La suite sauve donc la mise au scientisme puisque c’est Stark qui rendra effective la possibilité d’un retour dans le temps et donc un dernier affrontement décisif pour permettre le retour sur massacre. Le voyage dans le temps permet de placer de nombreux clins d’œils à la pléthore de films (22) auxquels Infinity Wars et Endgame viennent apporter une conclusion en forme de relance. Conclure mais pas finir, comme l’indique justement Nora Bouazzouni dans Slate. C’est surtout le moyen d’une introspection par retour aux racines pour Stark, Rogers et Thor. Le premier rencontre son père et dépasse enfin l’adolescence perpétuelle, ce qui fait de lui un capitaliste responsable (rires enregistrés).
Le seul moyen de gagner la course contre le temps est donc encore le génie technologique de Stark, ce qui peut raisonner comme un plaidoyer pour la géo-ingénierie : le retour d’une capacité d’action sur la catastrophe inéluctable passe par la maîtrise physique du monde fût elle partielle et aventureuse.
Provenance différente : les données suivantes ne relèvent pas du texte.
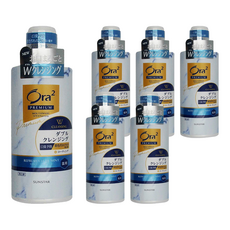 Ora2 愛樂齒 極緻亮白雙效漱口水 經典薄荷 550mL, 6瓶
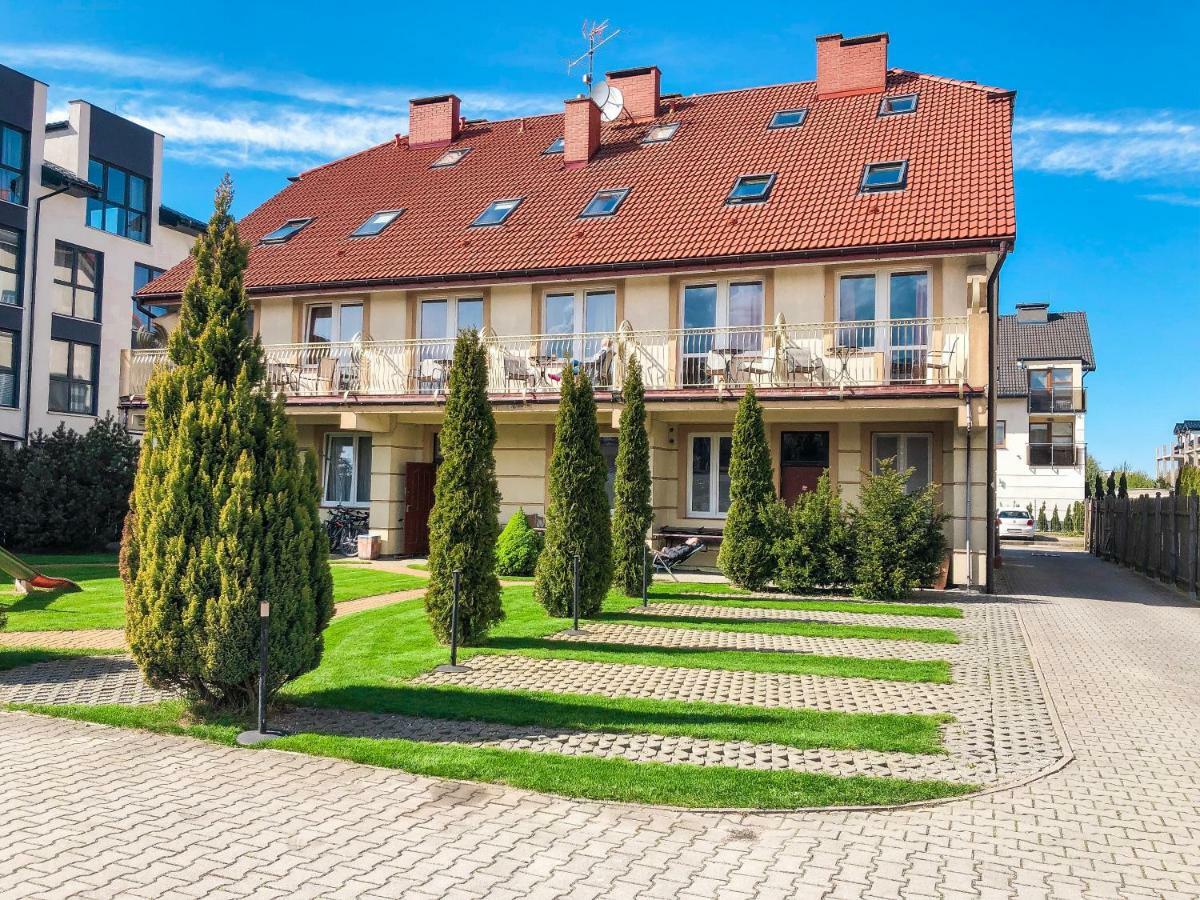Willa Milano Großmöllen Exterior foto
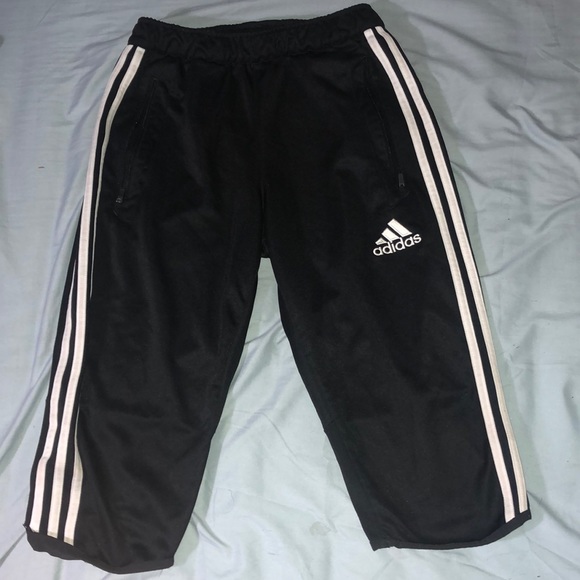 adidas short 3/4 adidas short 3/4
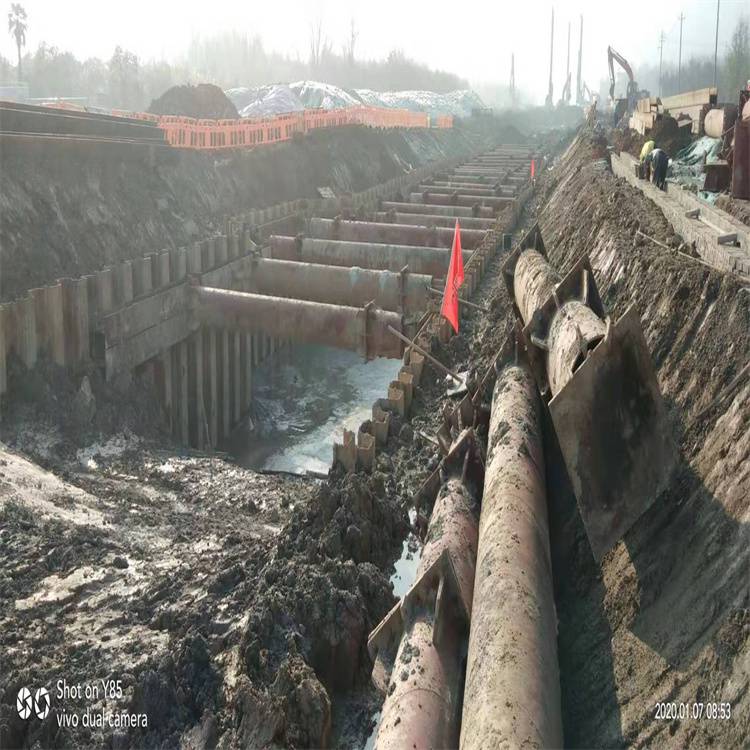 铜陵U型钢板桩 拉森桩多少钱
Le final fait de Thanos un dogmatique capricieux plus universalocidaire que régulateur, le bon droit est du côté des gentils, fini la légère tension ethique qui avait couru jusque là, tout le monde est à sa place. La victoire des Avengers signe donc le retour à la norme, celle du happy-end, de la possibilité de suites infinies, du divertissement massif qui recycle sans fin sa manne, du business as usual. Cette victoire est pourtant obtenue par le sacrifice de Tony Stark, qui dérobe au titan fou son artefact et rend (presque) l’univers à son état antérieur. Avant d’effectuer le claquement de doigt rectificateur, Stark rétorque au « Je suis inéluctable ©» de Thanos d’un « Et moi… je suis Iron Man ! ©». Si l’on suit le fil symbolique tiré jusque là, cette dramaturgie d’affrontement final indique la nécessité de sacrifier le capitalisme et la techno-science pour éviter la catastrophe. Une conclusion plutôt radicale abondement mitigée.
D’abord lors de cette bataille, Iron Man est rejoint par « Iron Woman », Pepper Potts ayant revêtu sa combinaison cadeau. Parvenu au terme de son cheminement ethique, Stark meure, mais le principe Iron Man lui survit, en changeant de sexe. Il est même sanctifié par le sacrifice de l’individu Stark qui a trouvé le temps de faire la paix avec lui-même, et de pardonner au capitalisme à papa, celui qui concède que « l’ intérêt général passe rarement avant son intérêt particulier ». On sent déjà qu’on se rapproche plus de la signature d’une charte de bonne conduite par les 1 % les plus riches que d’une révolution décroissante.
Impression validée par la scène finale qui consacre le changement dans la continuité : la barque funéraire de Stark s’éloigne sur les eaux sous le regard éploré mais pas larmoyant des avengers silencieusement dignes. Puis la vie reprend au détour d’une conversation célébrant l’éducation au cheese-burger pour la nouvelle génération, puis s’est un épisode de transmission des charges héroïques qui fait du second couteau falcon un captain america noir. Quelque que soit l’humain sous le costume, les symboles sont immortels, la machine à recycler ne connaît ni la fin, ni l’effondrement. Happy endgame.